Never heard of Maker Heights, but can recommend Whitsand Bay Holiday Park, about 3 mls from Mt Edgecumbe. Wife and I used three times now, bus route directly outside on main rd, also handy for passenger ferry to Plymouth.
Whitsand Bay site is situated in old "Palmerston" fort, bar, indoor pool, etc. 
Camping fee approx £16 with electric if memory serves me well.
Think the address is Military Rd?

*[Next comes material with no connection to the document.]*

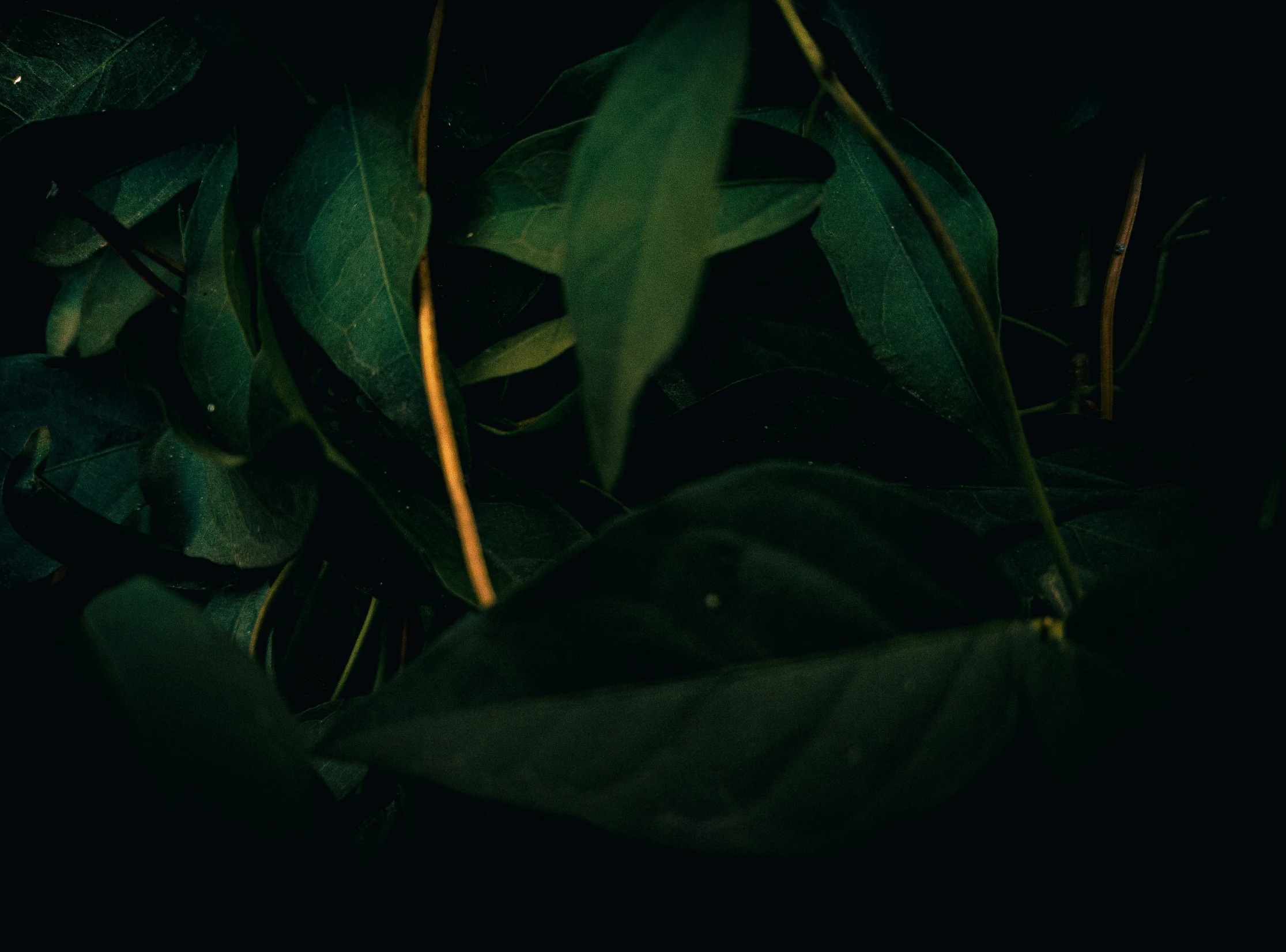 leaves are growing on the ground lit up by a light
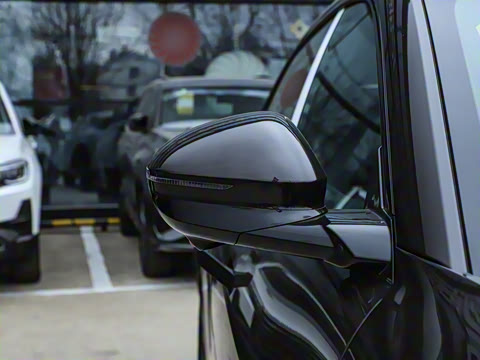 2024�� Pro+�����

You can locate on google maps, and web site to book.
Spectacular views over Plymouth and Whitsand Bay.

Cheers,
Ken.


----------



## Penquin (Oct 15, 2007)

Try this link to the specific site you are seeking;

http://makerfestival.co.uk/Camping-at-Maker.htm

Maker Camping 
Maker Heights 
Millbrook
Torpoint
Cornwall (East) 
PL10 1LA

Tel: 07900 994231
Pitches: 
Open: April To September

Hope that helps, they do take MH's but it appears to be linked to the festival and may only be open till September.......

Good luck,

Dave


----------



## Pard (May 1, 2005)

Used it once in 2007. However access was not entirely good, and ideally you needed a machete then to chop back some of the timber on the track leading in - scratched the acrylic windows a bit. Don't know if it's improved since. Superb location, but best to have your own facilities with you.

From memory the site entrance is on the inside of a right-angled bend on the road to Maker, and when we visited the signage was obviously makeshift.

Pard


----------